En una presentación que dio cátedra, Rick Wakeman se presentó en el Movistar Arena nada menos que en compañía de una Orquesta Sinfónica Chilena, siendo recibidos con un gran aplauso mientras ingresaban uno por uno al escenario, a eso de las 21:15 horas.

El frío de la noche fue perfecto para recibir un show como este, donde el ex tecladista de la banda de rock progresivo Yes, repasó clásicos de álbumes como Journey to the centre of the earth (1974), Cost of living (1983) y The Myths and Legends of King Arthur and the Knights of the Round Table (1975), entre otros. Un extenso catálogo musical que sorprendió a los cientos de asistentes que se encontraban en el Movistar Arena.

 

Fotografía: Mariano Beuses

Este espectáculo tuvo un clima especial, ya que no siempre tenemos el lujo de ver a un músico del nivel de Wakeman junto a una tremenda Orquesta Sinfónica perteneciente a nuestro país y la complicidad era tanta, que se reflejó entregándonos durante toda la noche, grandes canciones de su repertorio solista como The Myths and Legends of King Arthur and the Knights of the Round Table, After the ball, Catherine Howard, Dance of a thousand lights, Jane Seymour, Sea Horses y la increíble obra Journey to the centre of the earth; pasando también por un recuerdo de su ex banda Yes, al interpretar por primera vez el clásico And you & I.

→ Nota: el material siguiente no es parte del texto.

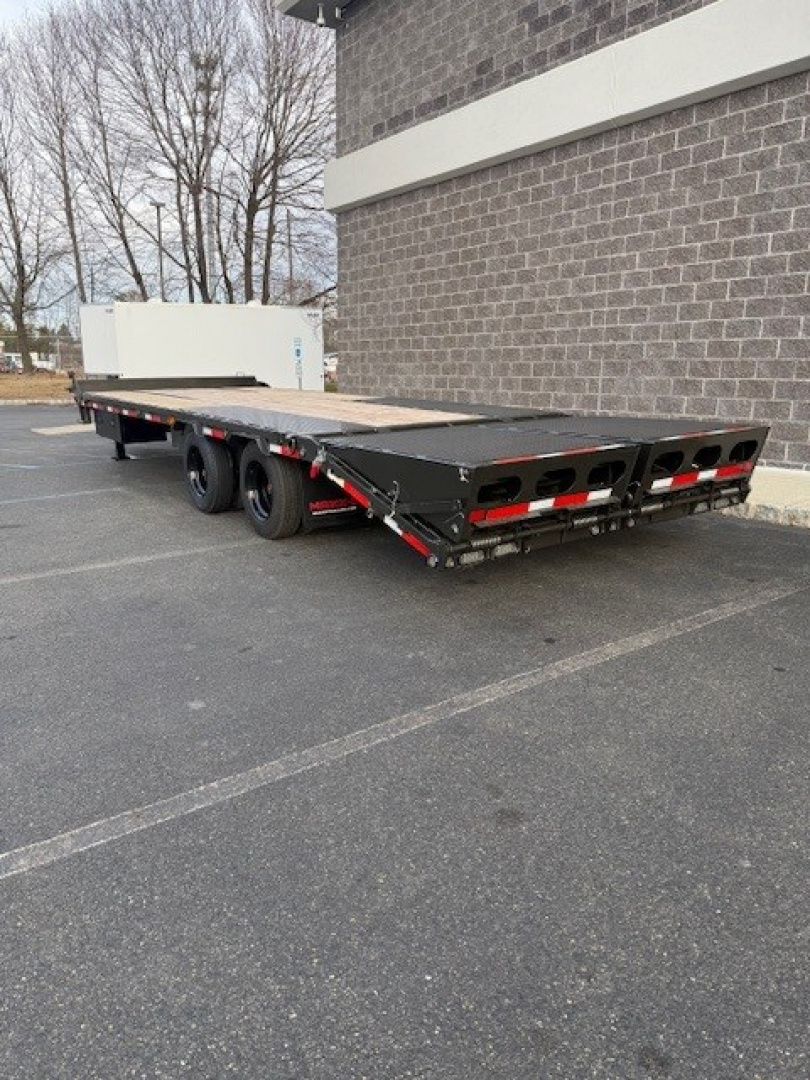 New 2026 MAXX-D LDX10225P Equipment Trailer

Pero no solo repasó parte de su carrera, sino que también hizo un gran homenaje a The Beatles, con una versión bastante original y docta de las canciones Help y Eleanor Rigby, todo en una atmósfera de silencio y respeto, entre los maravillados espectadores. Esta interpretación fue seguida por otro homenaje a un artista que, en palabras del mismo Wakeman, “fue un buen amigo que nos dejó hace un poco más de dos años”, refiriéndose a David Bowie y dando paso así, a una clásica y hermosa versión de  Life on Mars?, del Duque Blanco.

 

Fotografía: Mariano Beuses

A las 22:55 llegó la hora del encore, momento en el que el tecladista presenta a la gran orquesta que lo ha acompañado durante toda la noche y además, aprovecha de agradecer al público el inmenso cariño que ha recibido por parte de ellos, sin duda una noche espectacular que finalizó con las tremendas obras musicales Merlin The Magician, The Jig y Gone but not forgotten.

Fue un magnífico espectáculo que mezcló lo mejor de la música docta, con los tintes progresivos tan propios de la carrera de Rick Wakeman, sin duda un lujo para quienes tuvimos la oportunidad de presenciar aquella maravillosa clase magistral que duró un poco más de dos horas.